(Required work): Retype the lines below exactly, from the one that contains "Czarna termiczna warstwa" through the last, and leave every picture out.

(Information provided):
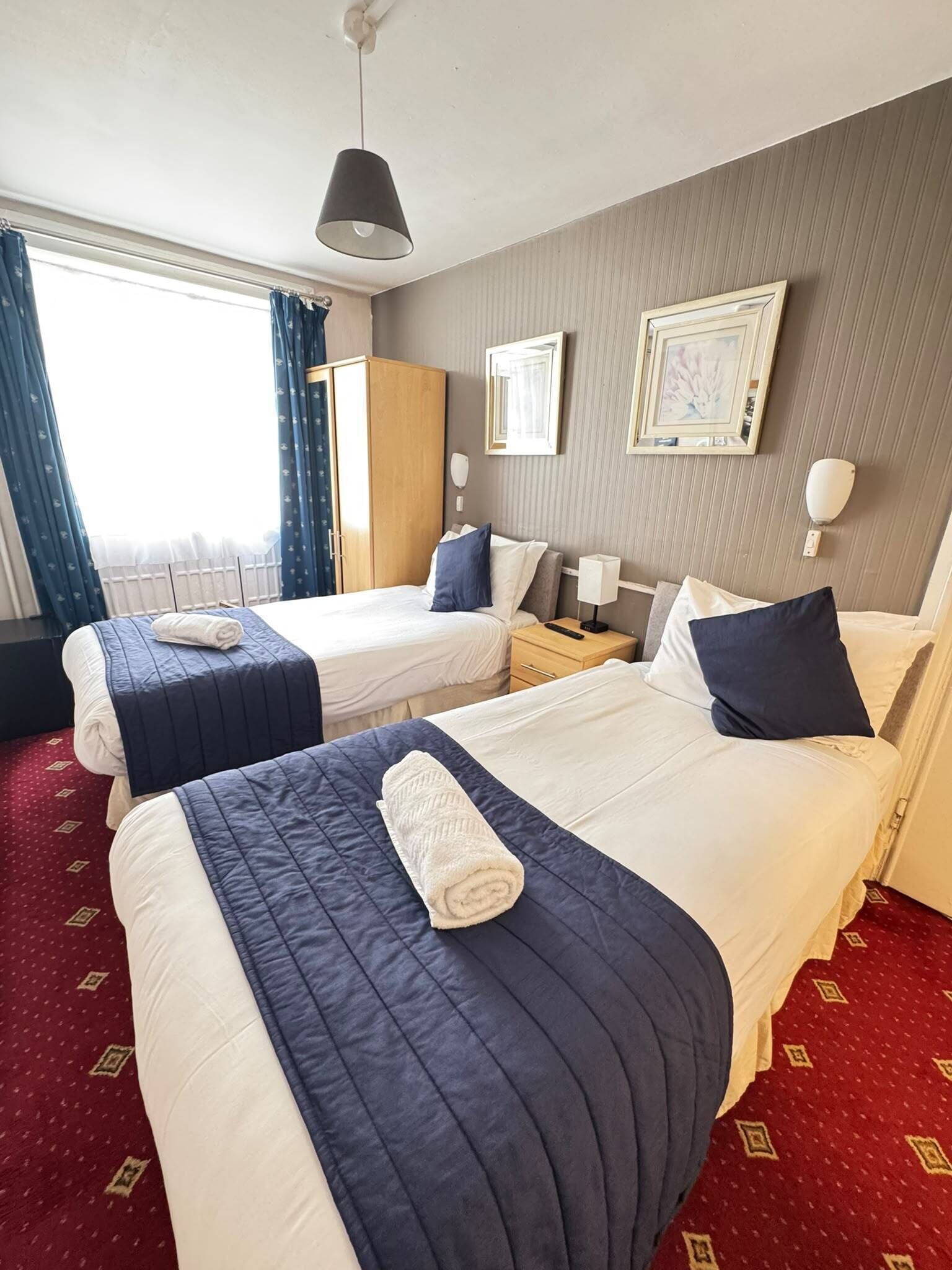 A hotel room with two beds, a wardrobe, a bedside table with a lamp, and a window with curtains.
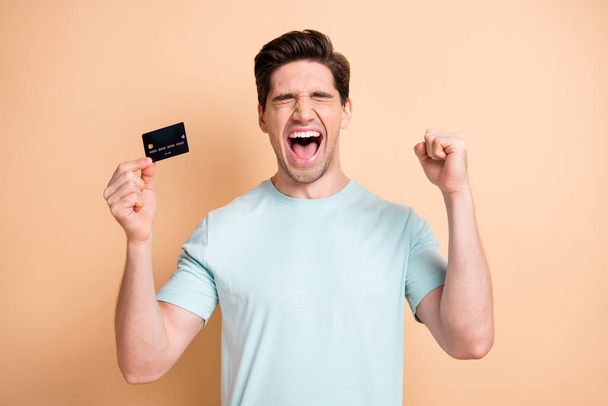 Portrait of nice lucky cheerful guy holding in hand bank card celebrating success having fun isolated over beige pastel color background - Foto, immagini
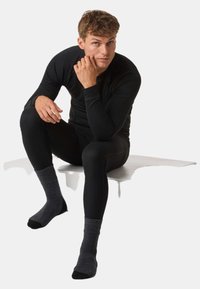 Czarna termiczna warstwa bazowa z prążkowaną strukturą, długimi rękawami i dopasowanym krojem. Szare skarpetki z ciemnymi akcentami, leżące na białej powierzchni.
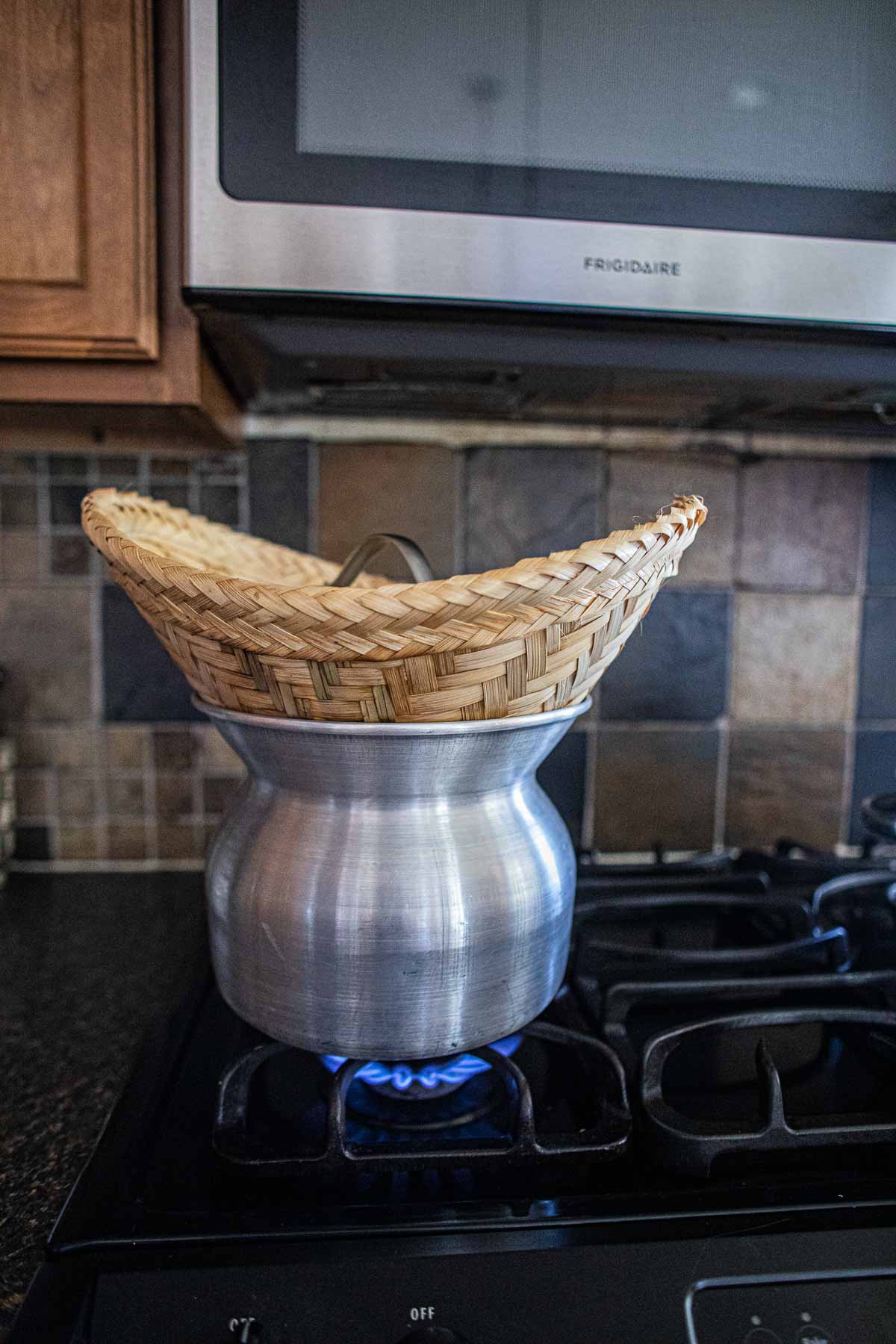 Thai sticky rice in a bamboo steamer on the stove.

(Output of the exercise):
 Czarna termiczna warstwa bazowa z prążkowaną strukturą, długimi rękawami i dopasowanym krojem. Szare skarpetki z ciemnymi akcentami, leżące na białej powierzchni.
 Thai sticky rice in a bamboo steamer on the stove.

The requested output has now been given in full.